- _TASK REQUIREMENTS_: Every line below from the one containing "Hello everyone, welcome" through the one containing "If you have any" is to be printed exactly, with the pictures omitted.

- _SUPPLIED ENTRIES_:
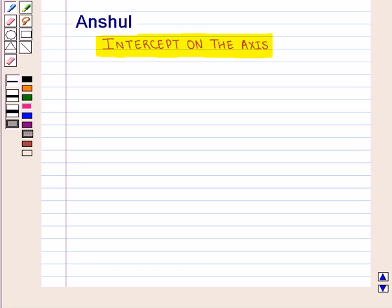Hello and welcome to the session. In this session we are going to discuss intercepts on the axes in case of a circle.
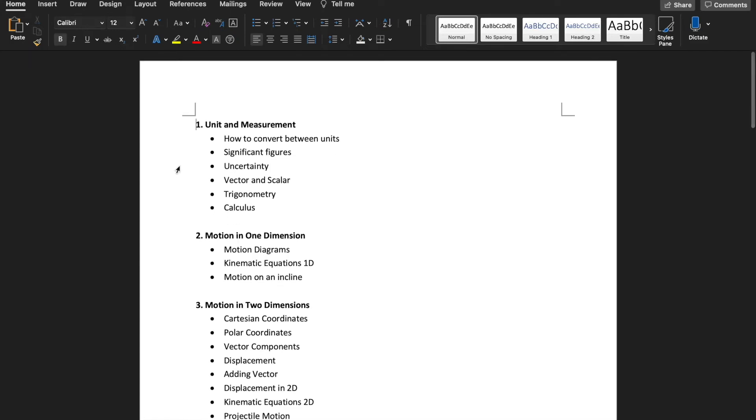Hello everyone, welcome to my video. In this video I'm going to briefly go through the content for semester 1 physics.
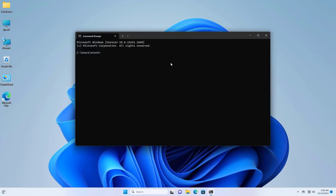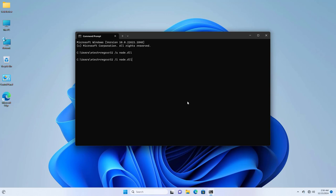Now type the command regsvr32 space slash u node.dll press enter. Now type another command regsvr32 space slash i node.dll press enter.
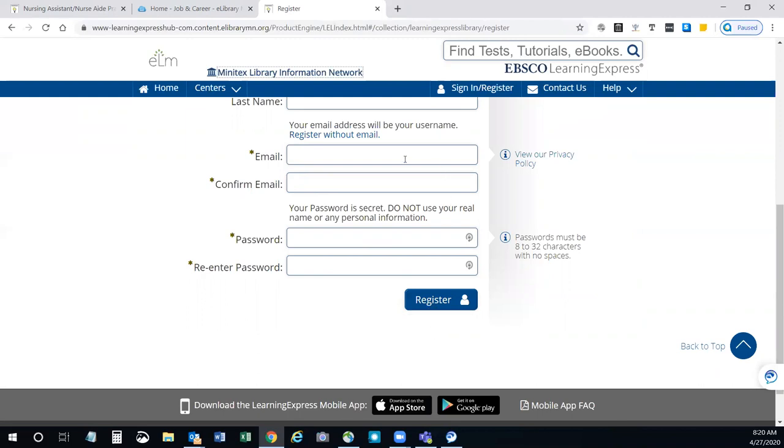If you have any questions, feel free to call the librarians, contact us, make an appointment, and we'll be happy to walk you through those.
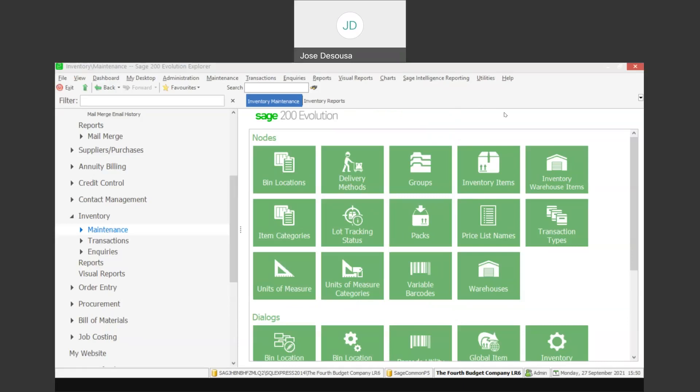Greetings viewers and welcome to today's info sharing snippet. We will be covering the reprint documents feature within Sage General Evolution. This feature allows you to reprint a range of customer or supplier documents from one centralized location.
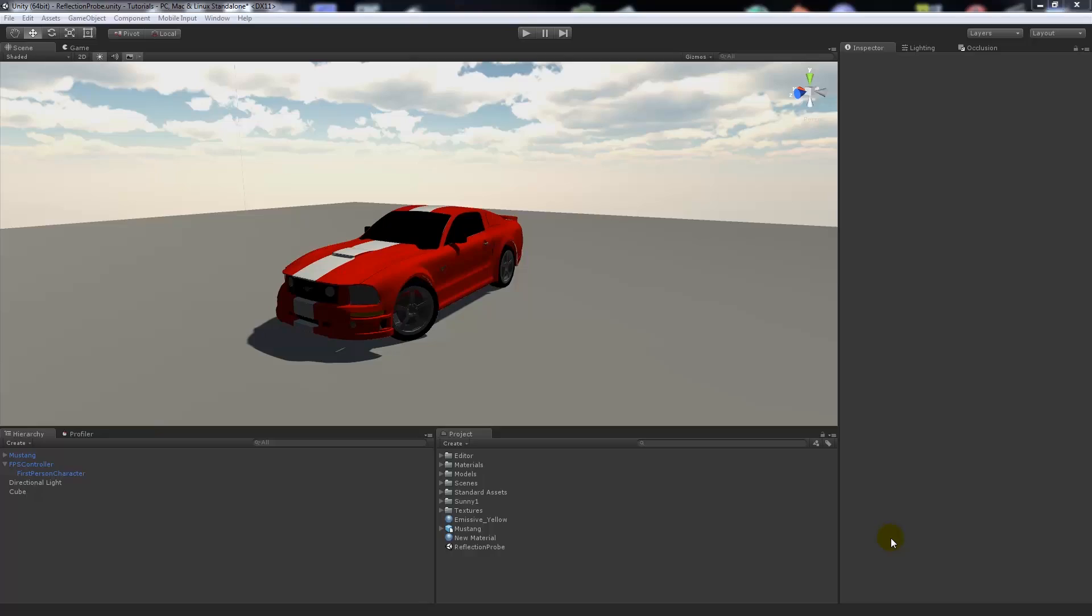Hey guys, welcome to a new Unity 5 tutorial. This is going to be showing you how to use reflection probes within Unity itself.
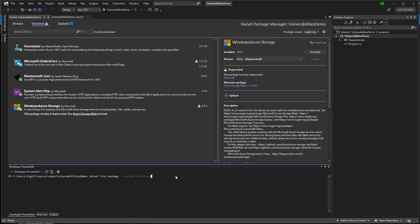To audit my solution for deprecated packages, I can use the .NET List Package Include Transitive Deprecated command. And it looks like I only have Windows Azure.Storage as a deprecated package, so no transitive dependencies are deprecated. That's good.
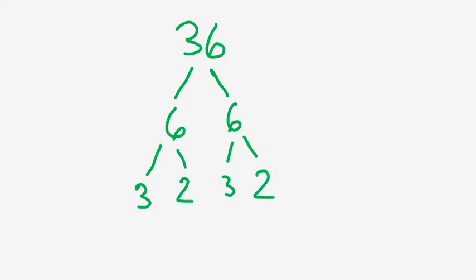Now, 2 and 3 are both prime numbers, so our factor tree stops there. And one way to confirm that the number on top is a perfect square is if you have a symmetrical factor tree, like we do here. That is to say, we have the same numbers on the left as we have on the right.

- _WRITTEN ANSWER_:
Hello everyone, welcome to my video. In this video I'm going to briefly go through the content for semester 1 physics.
Now type the command regsvr32 space slash u node.dll press enter. Now type another command regsvr32 space slash i node.dll press enter.
If you have any questions, feel free to call the librarians, contact us, make an appointment, and we'll be happy to walk you through those.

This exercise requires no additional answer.